* **WORK TO BE COMPLETED**:
Reproduce every line of the data, exactly and without its pictures.

* **DATA**:
_ _ _ _ _

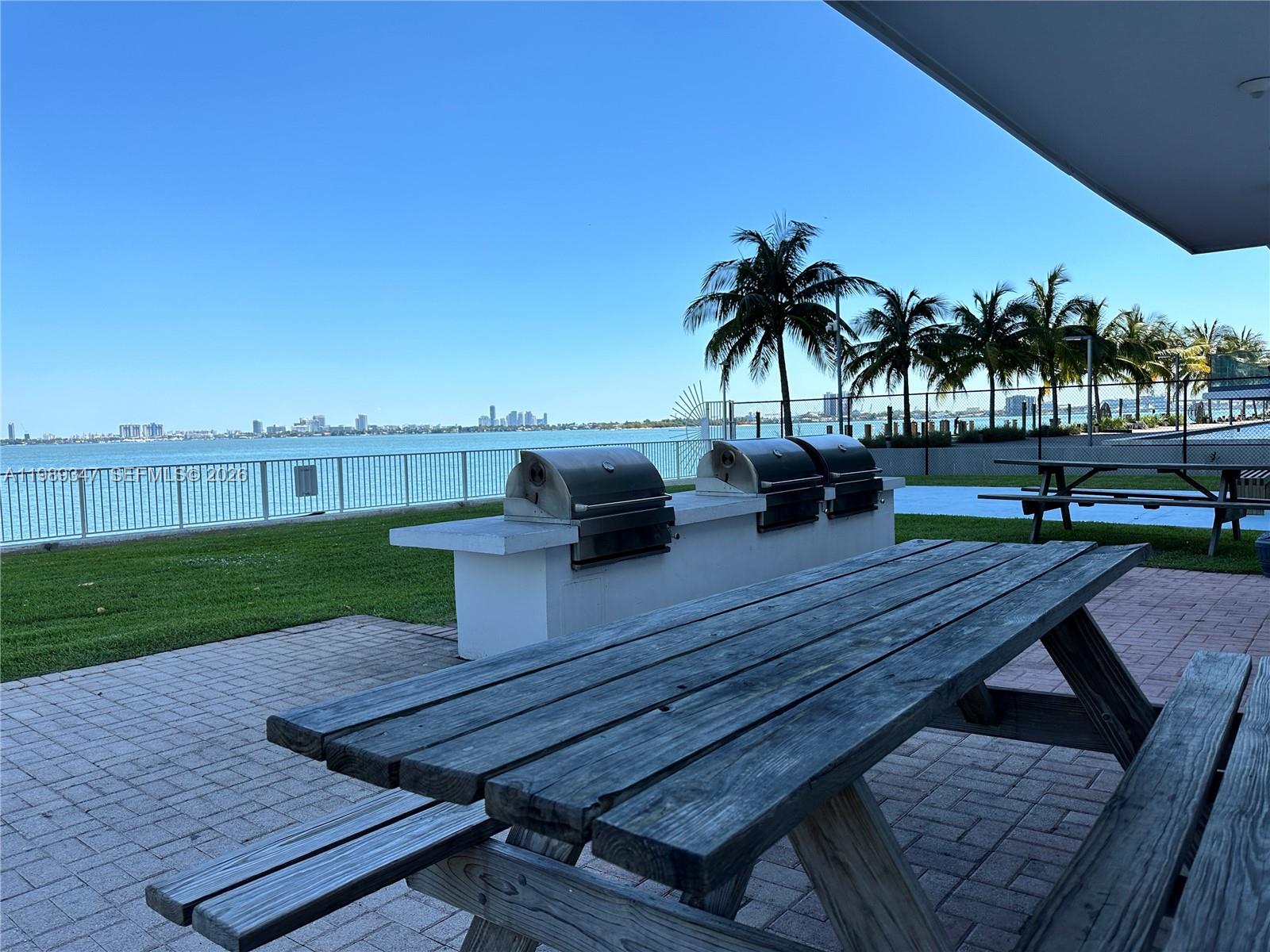 BAY PARK TOWERS CONDO - Residential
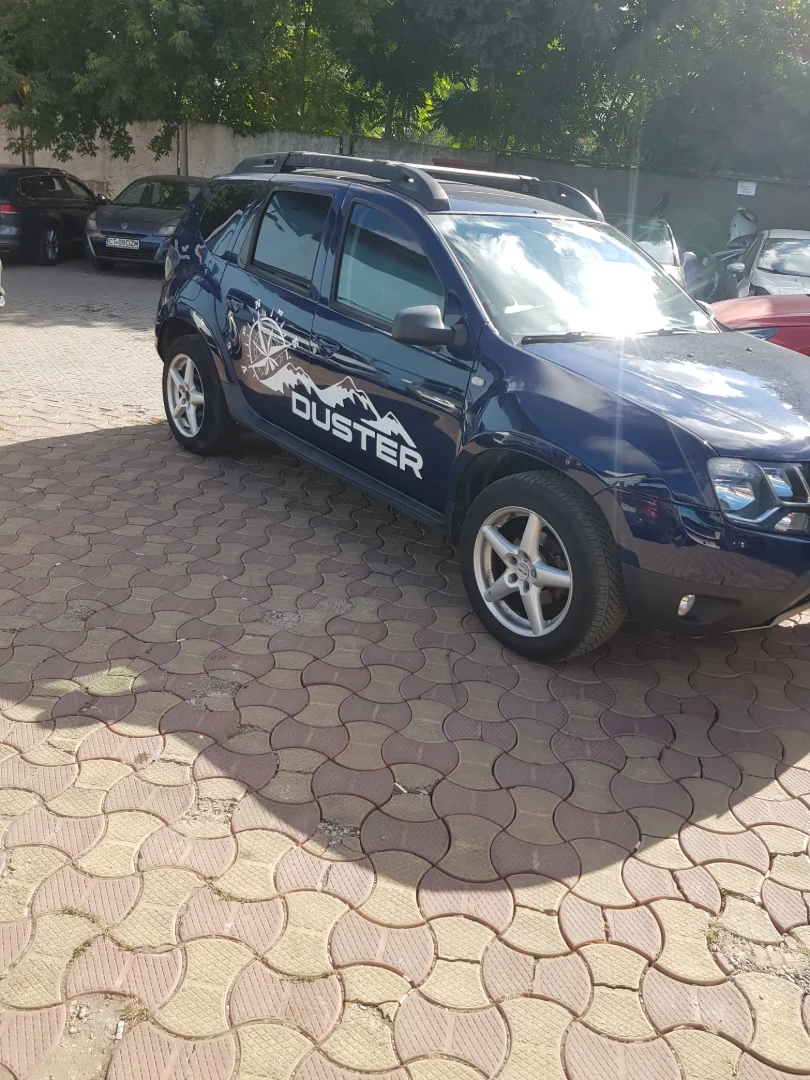 Dacia Duster 4x4 sistem Sony cu difuzoare Hertz si iesire Subwoofer! 2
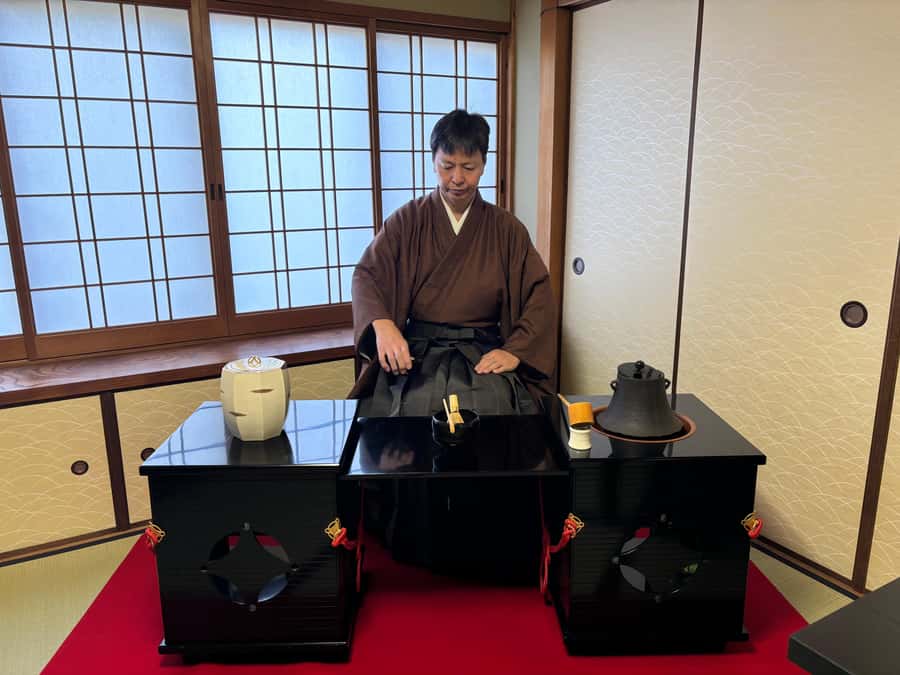Kyoto Ninenzaka: Tea Ceremony in Old Townhouse with Chairs - Why the chair-based format matters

_ _ _ _ _

* **WRITTEN REPLY**:
 BAY PARK TOWERS CONDO - Residential
 Dacia Duster 4x4 sistem Sony cu difuzoare Hertz si iesire Subwoofer! 2
Kyoto Ninenzaka: Tea Ceremony in Old Townhouse with Chairs - Why the chair-based format matters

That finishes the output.